Robin Cook, who was Leader of the Commons, had told Tony Blair minutes earlier that he was quitting the Government in protest at the impending conflict.
Lord Goldsmith sat down in Mr Cook's normal place and proceeded to distribute to the assembled ministers two pages of A4 paper on which the legal case for military action was based.
Clare Short, who later resigned from her post as International Development Secretary, was puzzled by the brevity of the Attorney's General's opinion.
She told The Independent yesterday: "I tried to discuss his advice with the Cabinet, but they said, 'Oh, shut up Clare'. It was obvious to me that something mysterious had gone on. There had clearly been some shenanigans going on."
Many of Ms Short's own officials, as well as those in the Ministry of Defence, had desperately wanted reassurance that their actions would be given legal cover in the event of a war. The two pages of A4 paper appeared to provide ministers with enough reassurance for them to proceed. Even so, many in Whitehall had been seriously worried about strong and persistent rumours that some in the Foreign Office legal team were arguing that war without a second UN resolution would have be unlawful.
Their fears were to be realised the week after the eve-of-war cabinet meeting, when Elizabeth Wilmhurst, the deputy legal adviser at the Foreign Office, resigned. Ms Wilmhurst was understood to have disagreed with those arguing that international law covered the action.

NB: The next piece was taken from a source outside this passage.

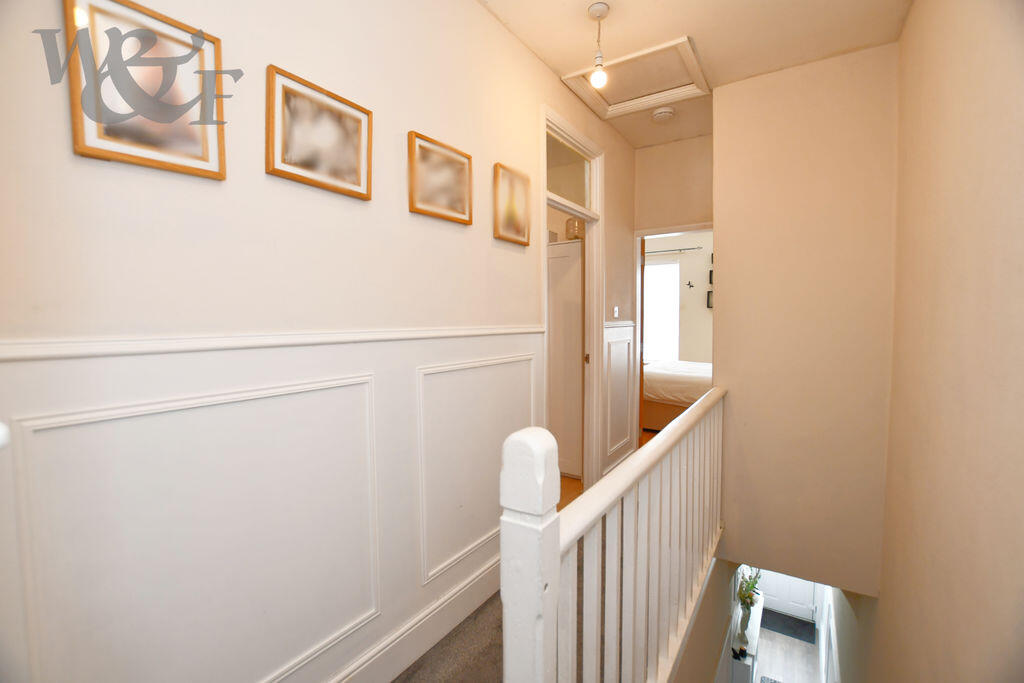 Additional image 14 of Minstead Road, Birmingham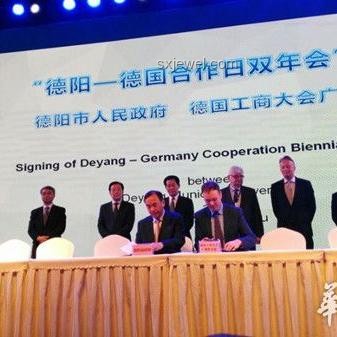 四川2025年高考查分時間定了，6月25日晚揭曉！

The truncated version of the Attorney General's advice - just 358 words - relied mainly on UN resolutions passed at the time of the 1990-91 Gulf War. Resolution 678 authorised force to eject Iraq from Kuwait and restore peace in the area. Resolution 687 imposed ceasefire conditions, including pledges not to produce WMD. Any breach would revive the earlier authority for war. But many legal experts pointed out that relying heavily on a 14-year-old UN resolution would not meet normal standards of international law.